L’oggetto che era stato introiettato e sentito, considerato un oggetto “buono”, gratificante, a causa del rifiuto e dell’abbandono si trasforma in modo immediato, senza alcuna possibilità di appello o di elaborazione in un oggetto “cattivo”.
Non potendo tollerare la presenza interna ed esterna dell’oggetto diventato “cattivo”, questa può essere solo eliminata simbolicamente con la morte per riuscire a farla scomparire realmente e definitivamente dalla propria vita, l’unico modo per potersi liberare dal dolore dell’abbandono, punendo chi lo ha prodotto.
Vengono messi in atto meccanismi di scissione tra il Me e il non-Me, tra l’Io e il Tu, tra il Bene e il Male, tra l’Amore e l’Odio.
Meccanismi di diniego nel diritto all’altrui libertà, di proiezione nel trasferimento sull’altro della propria aggressività, dell’onnipotenza nel diventare arbitri di vita e di morte.
Un percorso inarrestabile scatena una furia omicida, un percorso, però, che aveva sicuramente dato segni premonitori che non erano stati avvertiti dal soggetto, né presi sufficientemente in considerazione dall’ambiente familiare e sociale per fornire quel limite, quel confine e quel contenimento difficile per lui da dare a se stesso e che in fondo rappresentavano una richiesta inconscia di aiuto.
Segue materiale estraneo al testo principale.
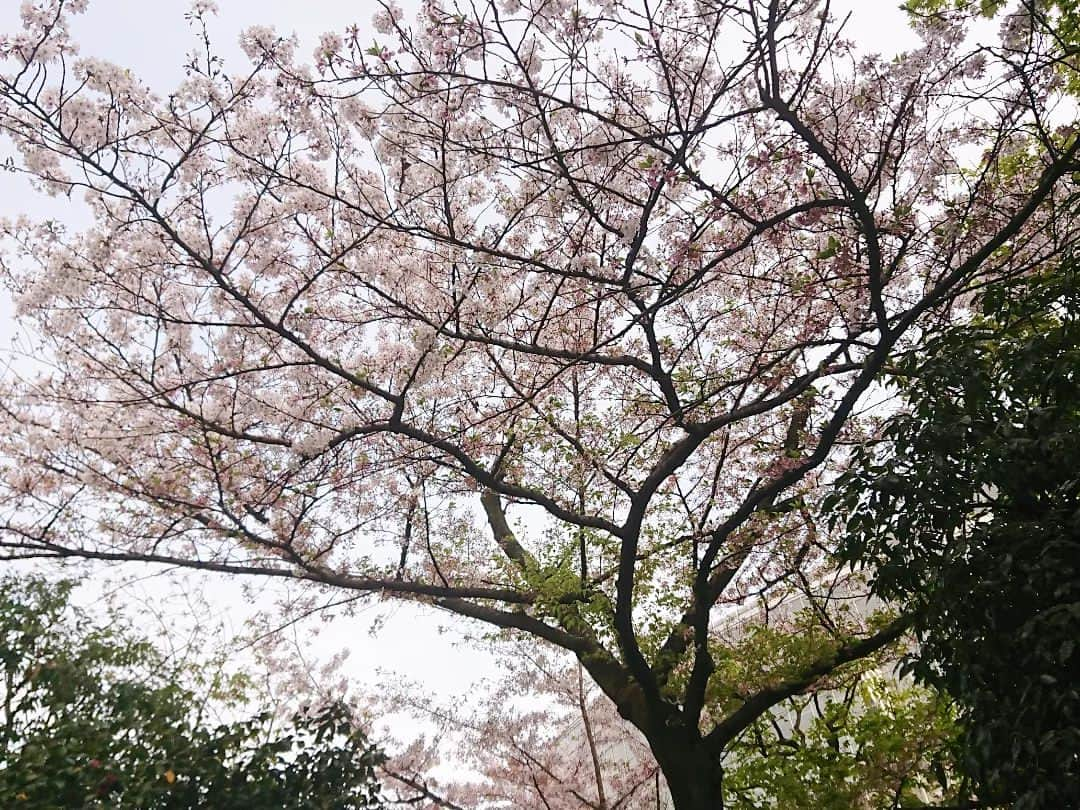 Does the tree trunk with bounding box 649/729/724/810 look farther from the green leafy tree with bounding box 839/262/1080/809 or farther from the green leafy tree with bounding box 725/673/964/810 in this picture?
the green leafy tree with bounding box 839/262/1080/809

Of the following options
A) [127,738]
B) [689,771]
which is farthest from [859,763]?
[127,738]

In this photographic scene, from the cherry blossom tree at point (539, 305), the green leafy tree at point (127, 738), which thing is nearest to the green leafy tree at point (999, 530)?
the cherry blossom tree at point (539, 305)

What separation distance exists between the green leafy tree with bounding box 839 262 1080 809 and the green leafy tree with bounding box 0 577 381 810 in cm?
341

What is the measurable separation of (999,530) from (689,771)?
122 inches

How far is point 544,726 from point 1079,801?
6854mm

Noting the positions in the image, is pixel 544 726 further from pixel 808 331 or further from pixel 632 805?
pixel 808 331

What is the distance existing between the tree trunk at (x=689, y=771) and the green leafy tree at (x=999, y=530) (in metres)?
2.19

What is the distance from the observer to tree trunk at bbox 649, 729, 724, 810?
532cm

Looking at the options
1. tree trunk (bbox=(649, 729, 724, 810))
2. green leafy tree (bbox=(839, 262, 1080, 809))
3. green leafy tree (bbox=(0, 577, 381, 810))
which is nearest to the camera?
green leafy tree (bbox=(839, 262, 1080, 809))

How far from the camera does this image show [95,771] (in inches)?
163

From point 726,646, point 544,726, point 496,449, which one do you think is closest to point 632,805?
point 544,726

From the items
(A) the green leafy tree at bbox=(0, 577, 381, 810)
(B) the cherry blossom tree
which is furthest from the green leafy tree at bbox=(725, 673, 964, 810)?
(A) the green leafy tree at bbox=(0, 577, 381, 810)

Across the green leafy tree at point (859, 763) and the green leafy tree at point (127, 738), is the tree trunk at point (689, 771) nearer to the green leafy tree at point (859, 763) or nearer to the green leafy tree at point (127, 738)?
Answer: the green leafy tree at point (859, 763)

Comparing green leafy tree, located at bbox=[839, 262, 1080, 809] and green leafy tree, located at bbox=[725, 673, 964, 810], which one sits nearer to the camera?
green leafy tree, located at bbox=[839, 262, 1080, 809]
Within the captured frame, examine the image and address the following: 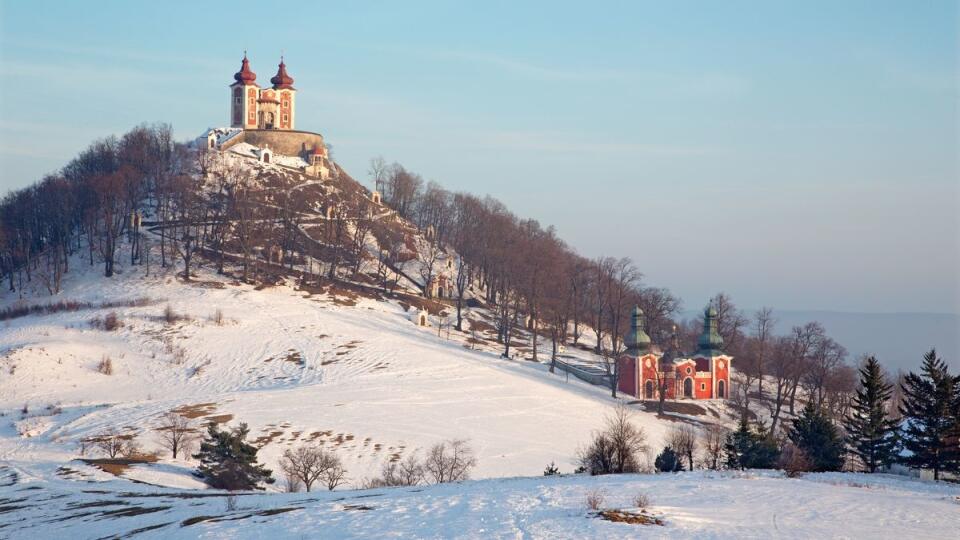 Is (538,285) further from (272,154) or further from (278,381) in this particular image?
(272,154)

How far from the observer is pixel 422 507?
23.6m

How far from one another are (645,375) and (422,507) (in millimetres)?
46344

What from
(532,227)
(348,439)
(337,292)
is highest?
(532,227)

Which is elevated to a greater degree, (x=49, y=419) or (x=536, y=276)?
(x=536, y=276)

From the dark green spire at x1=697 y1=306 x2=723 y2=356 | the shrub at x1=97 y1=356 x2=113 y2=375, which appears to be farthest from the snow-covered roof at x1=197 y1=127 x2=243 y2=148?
the dark green spire at x1=697 y1=306 x2=723 y2=356

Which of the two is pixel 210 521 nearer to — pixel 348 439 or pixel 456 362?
pixel 348 439

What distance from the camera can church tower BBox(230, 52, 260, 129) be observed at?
390 feet

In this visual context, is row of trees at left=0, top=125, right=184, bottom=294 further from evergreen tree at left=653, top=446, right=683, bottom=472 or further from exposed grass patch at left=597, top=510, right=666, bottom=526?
exposed grass patch at left=597, top=510, right=666, bottom=526

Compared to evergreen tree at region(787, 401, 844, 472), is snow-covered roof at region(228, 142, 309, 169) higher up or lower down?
higher up

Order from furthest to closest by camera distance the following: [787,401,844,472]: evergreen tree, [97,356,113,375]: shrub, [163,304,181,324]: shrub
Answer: [163,304,181,324]: shrub
[97,356,113,375]: shrub
[787,401,844,472]: evergreen tree

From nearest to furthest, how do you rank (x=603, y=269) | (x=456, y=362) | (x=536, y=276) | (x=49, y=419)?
1. (x=49, y=419)
2. (x=456, y=362)
3. (x=536, y=276)
4. (x=603, y=269)

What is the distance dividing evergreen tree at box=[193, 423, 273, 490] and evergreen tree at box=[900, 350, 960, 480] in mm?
24224

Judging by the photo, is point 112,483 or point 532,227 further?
point 532,227

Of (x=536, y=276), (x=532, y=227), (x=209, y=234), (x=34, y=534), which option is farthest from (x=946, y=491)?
(x=532, y=227) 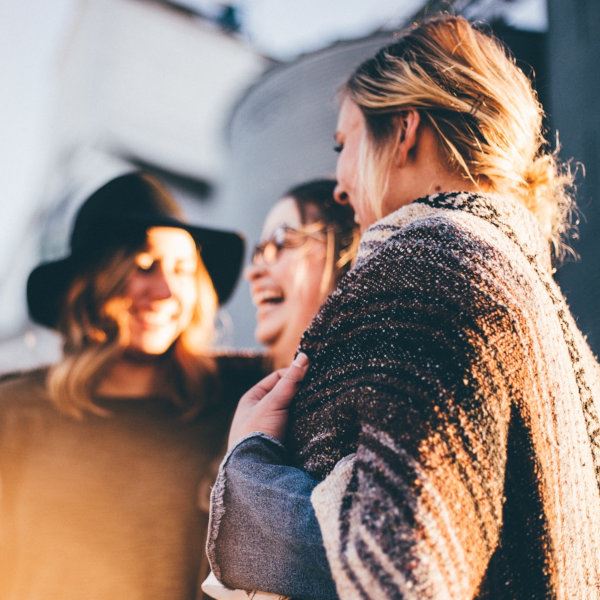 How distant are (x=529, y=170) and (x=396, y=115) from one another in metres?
0.30

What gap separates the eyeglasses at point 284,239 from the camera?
8.68 feet

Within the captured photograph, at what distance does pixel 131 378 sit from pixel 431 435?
1.85 metres

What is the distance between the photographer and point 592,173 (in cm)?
279

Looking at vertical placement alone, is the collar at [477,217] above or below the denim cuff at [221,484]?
above

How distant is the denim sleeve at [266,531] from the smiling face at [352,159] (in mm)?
576

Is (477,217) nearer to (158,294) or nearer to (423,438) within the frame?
(423,438)

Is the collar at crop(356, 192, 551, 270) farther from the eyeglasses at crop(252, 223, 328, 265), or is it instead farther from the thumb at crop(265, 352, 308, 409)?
the eyeglasses at crop(252, 223, 328, 265)

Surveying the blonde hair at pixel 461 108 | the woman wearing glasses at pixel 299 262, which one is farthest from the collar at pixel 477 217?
the woman wearing glasses at pixel 299 262

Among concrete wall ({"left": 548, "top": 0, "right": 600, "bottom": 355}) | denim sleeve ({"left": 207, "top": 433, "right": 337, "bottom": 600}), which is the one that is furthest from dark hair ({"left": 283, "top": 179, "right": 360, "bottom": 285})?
denim sleeve ({"left": 207, "top": 433, "right": 337, "bottom": 600})

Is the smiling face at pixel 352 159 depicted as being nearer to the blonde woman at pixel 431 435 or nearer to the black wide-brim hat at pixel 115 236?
the blonde woman at pixel 431 435

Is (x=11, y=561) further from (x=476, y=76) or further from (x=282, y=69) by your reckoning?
(x=282, y=69)

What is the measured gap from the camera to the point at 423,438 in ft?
2.76

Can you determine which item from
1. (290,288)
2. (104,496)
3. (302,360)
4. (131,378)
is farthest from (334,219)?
(302,360)

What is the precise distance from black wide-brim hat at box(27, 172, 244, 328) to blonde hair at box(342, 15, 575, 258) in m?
1.37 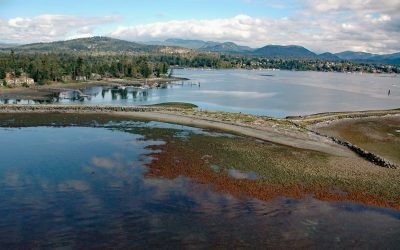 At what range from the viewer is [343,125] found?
95.4m

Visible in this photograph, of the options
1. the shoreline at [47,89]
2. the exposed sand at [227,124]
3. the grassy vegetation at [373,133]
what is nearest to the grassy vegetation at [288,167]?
the exposed sand at [227,124]

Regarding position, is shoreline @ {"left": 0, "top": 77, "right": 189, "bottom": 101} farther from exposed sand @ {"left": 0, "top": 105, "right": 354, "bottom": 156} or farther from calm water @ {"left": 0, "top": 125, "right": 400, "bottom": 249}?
calm water @ {"left": 0, "top": 125, "right": 400, "bottom": 249}

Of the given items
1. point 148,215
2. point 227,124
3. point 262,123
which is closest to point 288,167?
point 148,215

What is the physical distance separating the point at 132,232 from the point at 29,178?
765 inches

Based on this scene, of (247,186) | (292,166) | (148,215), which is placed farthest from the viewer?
(292,166)

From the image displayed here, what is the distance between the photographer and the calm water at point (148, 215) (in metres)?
30.5

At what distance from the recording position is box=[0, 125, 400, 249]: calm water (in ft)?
100

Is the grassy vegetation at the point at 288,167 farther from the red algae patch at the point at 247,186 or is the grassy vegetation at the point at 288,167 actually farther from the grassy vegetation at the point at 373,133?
the grassy vegetation at the point at 373,133

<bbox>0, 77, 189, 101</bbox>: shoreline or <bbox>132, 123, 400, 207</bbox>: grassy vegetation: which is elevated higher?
<bbox>132, 123, 400, 207</bbox>: grassy vegetation

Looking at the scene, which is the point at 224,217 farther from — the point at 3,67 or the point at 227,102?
the point at 3,67

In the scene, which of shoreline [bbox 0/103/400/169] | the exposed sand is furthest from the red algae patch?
the exposed sand

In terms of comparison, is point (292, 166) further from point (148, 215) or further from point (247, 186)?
point (148, 215)

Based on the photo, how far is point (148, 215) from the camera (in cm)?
3478

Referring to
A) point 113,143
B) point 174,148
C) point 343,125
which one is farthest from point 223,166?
point 343,125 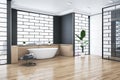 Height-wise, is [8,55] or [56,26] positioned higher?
[56,26]

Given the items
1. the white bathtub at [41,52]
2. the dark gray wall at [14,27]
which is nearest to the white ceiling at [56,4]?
the dark gray wall at [14,27]

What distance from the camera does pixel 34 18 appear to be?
7.29m

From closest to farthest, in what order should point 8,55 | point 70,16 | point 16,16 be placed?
point 8,55, point 16,16, point 70,16

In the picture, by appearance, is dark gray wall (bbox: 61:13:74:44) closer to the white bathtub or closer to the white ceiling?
the white ceiling

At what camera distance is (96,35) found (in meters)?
7.94

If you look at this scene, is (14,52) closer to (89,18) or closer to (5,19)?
(5,19)

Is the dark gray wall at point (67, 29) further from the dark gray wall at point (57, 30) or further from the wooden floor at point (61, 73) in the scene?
the wooden floor at point (61, 73)

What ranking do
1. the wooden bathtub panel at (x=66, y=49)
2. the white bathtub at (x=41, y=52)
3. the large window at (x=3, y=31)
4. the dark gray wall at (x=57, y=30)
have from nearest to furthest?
the large window at (x=3, y=31), the white bathtub at (x=41, y=52), the wooden bathtub panel at (x=66, y=49), the dark gray wall at (x=57, y=30)

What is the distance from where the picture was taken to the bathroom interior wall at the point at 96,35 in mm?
7671

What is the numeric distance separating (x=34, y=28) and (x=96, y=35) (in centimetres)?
408

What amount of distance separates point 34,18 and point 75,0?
300 cm

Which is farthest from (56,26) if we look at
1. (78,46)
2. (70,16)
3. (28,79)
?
(28,79)

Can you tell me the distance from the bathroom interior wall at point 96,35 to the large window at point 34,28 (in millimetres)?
2833

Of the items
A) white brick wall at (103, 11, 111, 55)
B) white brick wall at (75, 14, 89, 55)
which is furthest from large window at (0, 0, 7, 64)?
white brick wall at (103, 11, 111, 55) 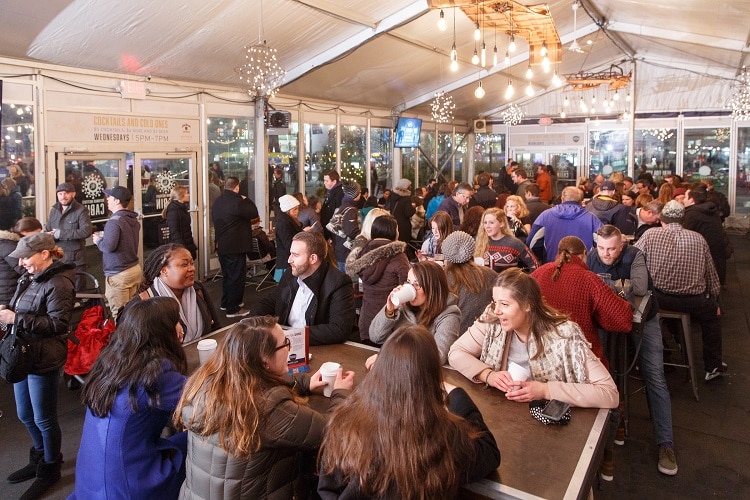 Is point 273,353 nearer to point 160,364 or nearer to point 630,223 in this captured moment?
point 160,364

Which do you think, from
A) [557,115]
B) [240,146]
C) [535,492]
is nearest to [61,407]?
[535,492]

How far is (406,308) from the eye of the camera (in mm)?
3059

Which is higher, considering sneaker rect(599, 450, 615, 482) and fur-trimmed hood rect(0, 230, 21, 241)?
fur-trimmed hood rect(0, 230, 21, 241)

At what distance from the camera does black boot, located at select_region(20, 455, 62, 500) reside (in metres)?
3.32

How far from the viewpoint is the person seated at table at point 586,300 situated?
10.7ft

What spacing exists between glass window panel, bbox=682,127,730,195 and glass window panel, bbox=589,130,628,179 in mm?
1474

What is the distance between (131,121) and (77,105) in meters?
0.75

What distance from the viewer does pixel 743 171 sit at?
14.9 meters

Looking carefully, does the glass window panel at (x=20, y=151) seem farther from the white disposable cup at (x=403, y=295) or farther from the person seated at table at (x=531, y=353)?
the person seated at table at (x=531, y=353)

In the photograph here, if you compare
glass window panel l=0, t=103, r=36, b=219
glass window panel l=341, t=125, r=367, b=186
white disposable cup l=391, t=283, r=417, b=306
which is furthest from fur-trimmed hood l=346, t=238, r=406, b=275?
glass window panel l=341, t=125, r=367, b=186

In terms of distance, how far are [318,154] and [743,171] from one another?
10728 millimetres

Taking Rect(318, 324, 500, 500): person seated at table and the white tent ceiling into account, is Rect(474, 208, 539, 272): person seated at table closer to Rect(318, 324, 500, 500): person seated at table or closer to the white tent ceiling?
Rect(318, 324, 500, 500): person seated at table

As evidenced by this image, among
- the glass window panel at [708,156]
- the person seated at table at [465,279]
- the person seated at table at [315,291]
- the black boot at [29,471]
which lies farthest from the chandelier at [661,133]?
the black boot at [29,471]

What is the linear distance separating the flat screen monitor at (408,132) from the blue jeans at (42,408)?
10.7 meters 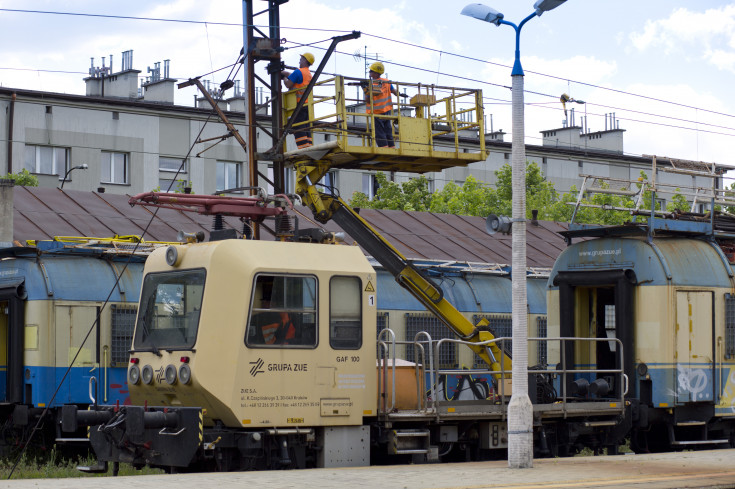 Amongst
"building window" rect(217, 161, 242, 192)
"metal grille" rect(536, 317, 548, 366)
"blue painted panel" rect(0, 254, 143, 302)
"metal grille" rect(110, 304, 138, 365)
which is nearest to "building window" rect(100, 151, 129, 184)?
"building window" rect(217, 161, 242, 192)

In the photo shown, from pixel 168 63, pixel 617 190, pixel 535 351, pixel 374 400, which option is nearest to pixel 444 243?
pixel 535 351

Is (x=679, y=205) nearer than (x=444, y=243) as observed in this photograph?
No

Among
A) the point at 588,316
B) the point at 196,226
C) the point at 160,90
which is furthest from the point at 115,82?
the point at 588,316

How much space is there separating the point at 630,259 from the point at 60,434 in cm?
900

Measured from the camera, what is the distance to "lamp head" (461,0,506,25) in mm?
14156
La difficile problematica individuale si lega oltremodo a vissuti tramandati dall’ordine sociale in cui é co-partecipe la Società, ma ciò richiede un ulteriore approfondimento.
Il passaggio da una Società Patriarcale ( sarebbe più consono parlare dei rapporti tra il femminile e il maschile) ad una Società “Condivisa”, non é semplice. Il cambiamento di ruoli é foriero di lacerazioni e sconvolgimenti.
Sono questi i temi da approfondire.
Queste riflessioni, infatti, non affrontano i problemi politici, sociali, ambientali, familiari con i loro rispettivi cambiamenti. Ogni femminicidio, così come ogni patologia, ha la sua storia e la sua etiologia, ma è sempre utile individuare tratti comuni dai quali formulare delle diagnosi in itinere.
Bibliografia
Bollas C. (1993) “L’ombra dell’oggetto. Psicoanalisi del conosciuto non pensato”. Bolla, Roma 198
Freud A. (1936) “L’Io e i meccanismi di difesa”. Giunti, Firenze, 2012.
Freud S. (1914b) “Introduzione al narcisismo” in OSF 7. Bollati Boringhieri, Torino, 1999.
Freud S. (1915) “Lutto e melanconia” in OSF 8. Bollati Boringhieri, Torino, 1996.
Freud S. (1915c) “Considerazioni attuali sulla guerra e sulla morte” in OSF 8. Bollati Boringhieri, Torino, 1996.
Freud S. (1915d) “Pulsioni e loro destini” in “Metapsicologia” in OSF 8. Bollati Boringhieri, Torino, 1996.
Freud S. (1917) “Trasformazioni pulsionali particolarmente dall’erotismo anale” in OSF 8. Bollati Boringhieri, Torino, 2002.
Matte Blanco I. (1975) “L’inconscio come insiemi infiniti”. Einaudi, Milano, 2000.
Romano Toscani R. (2021) “Sigmund Freud. L’origine dell’angoscia” Franco Angeli, Roma, 2021.